This week's inauguration of "hands-free" cell phone use for drivers in California and Washington focuses attention on the spread of voice recognition technology for mobile phones.
With Yahoo preparing to add voice-enabled search to its mobile platform this summer and with more voice recognition features offered all the time for individual cell phone owners, drivers are increasingly being offered a broad array of new speech recognition features.
Driver distraction problems are behind much of the move to speech-enabled phones as the technology moves beyond voice activated dialing to cover texting and voice access to music, weather and sports updates.
Michael Wehrs, a vice president at Nuance Communications, points to a Nuance study currently underway that tests the use of speech recognition systems on drivers.
"The results clearly show that drivers' skills are far less impacted when they use speech recognition systems than when they take their eyes off the road to interact with their devices," Wehrs said in an e-mail. "In conversations with carriers where we have shared the study results, they all express optimism that including speech recognition will help ensure their customers can continue to safely use their mobile devices."
Noting that Nuance speech technology will ship on more than 200 mobile phones this year, Wehrs indicates the technology is just beginning to take off and is likely to pick up momentum as more and more states and municipalities introduce hands-free phoning requirements for drivers.
Voice activated dialing is still the major speech application, Wehrs said, adding that future applications include "more comprehensive speech support for command and control and network feature access is shipping on BlackBerry devices from Sprint and Rogers." Sprint's hot-selling Samsung Instinct phone uses Nuance speech technology.

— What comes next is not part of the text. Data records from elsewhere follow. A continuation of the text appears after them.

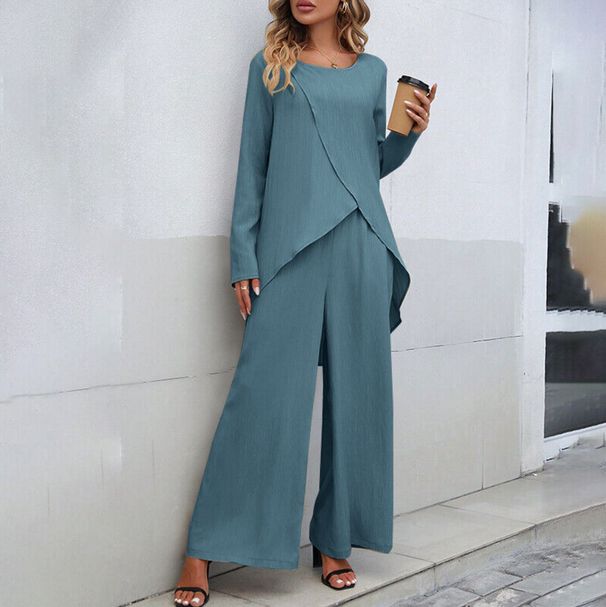 Women's Clothing Women's Long Sleeved Irregular Hem Tops With Elastic Waist And Wide Leg Trousers_ecoleips.com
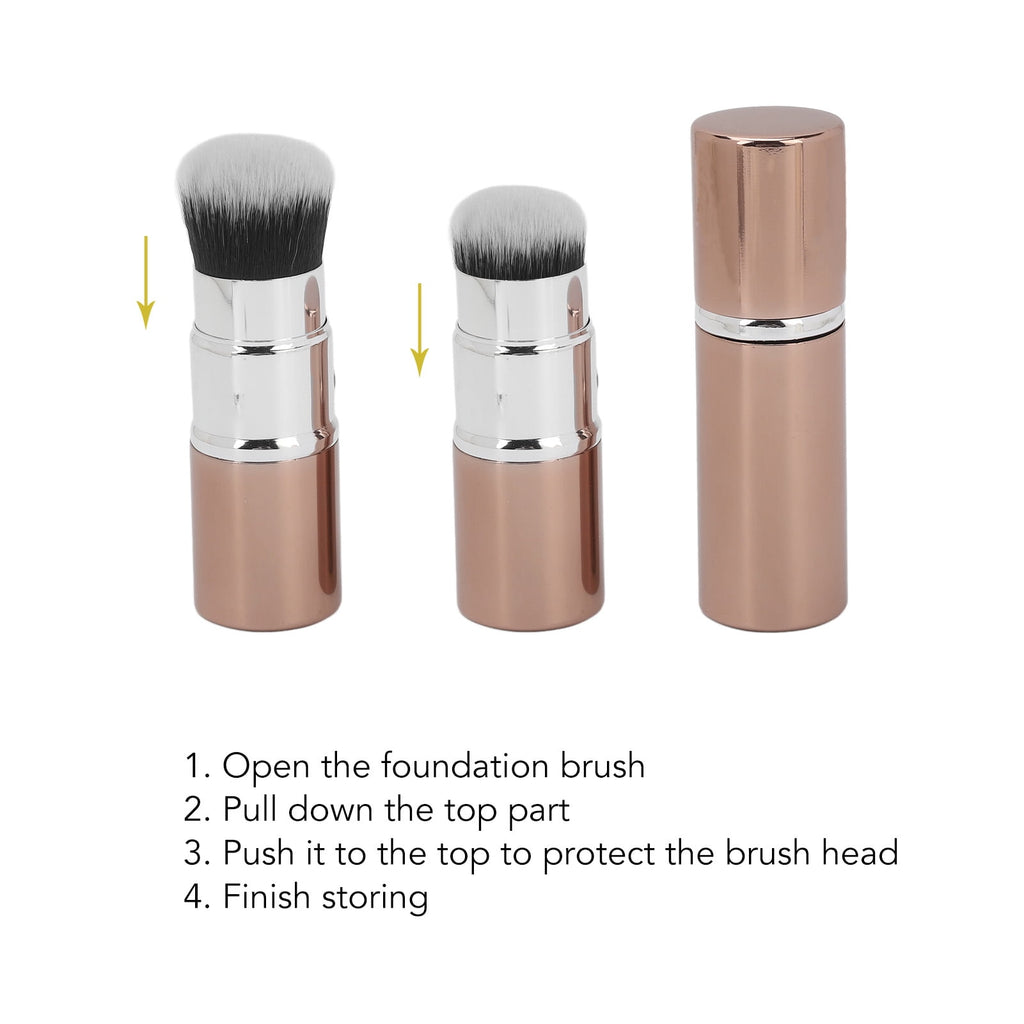2-in-1 Face Oil Absorbing Volcanic Roller with Retractable Foundation Brush, Brown - Reusable Facial Skincare Tool fo... - Image 6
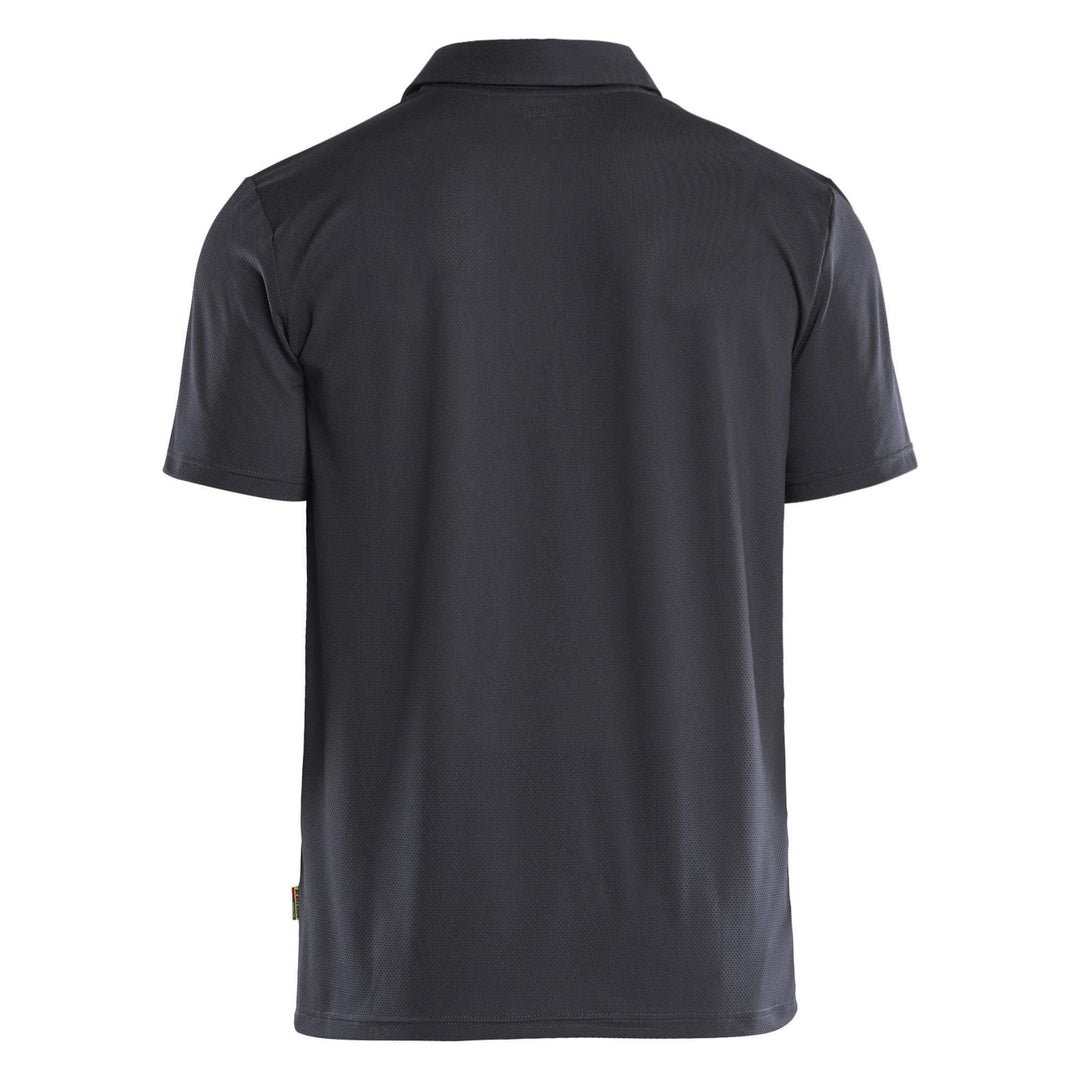 Blaklader 34161126 UV-protect Lightweight Function Polo Shirt Mid Grey Rear #colour_mid-grey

As smart phones become more prevalent, drivers are going to want to take advantage of their features while on the road, but still generating more predictions of driver distraction. Citing recent driver studies, Wehrs said drivers fumbling with MP3 players in their cars took more than two times longer to carry our lane changes when selecting music manually versus a simple voice command picking the artist and song title. And, in navigation commands the studies demonstrate that a speech destination entry resulted in a one thousand percent diminished swerving of drivers' cars.
Carriers are using voice recognition technology from several different sources -- some home-grown, others by independent vendors. Microsoft has been using its Tellme technology acquired in an acquisition.
An offering by newcomer Vlingo and its easy-to-use FIND technology has been catching on with individual drivers and some carriers.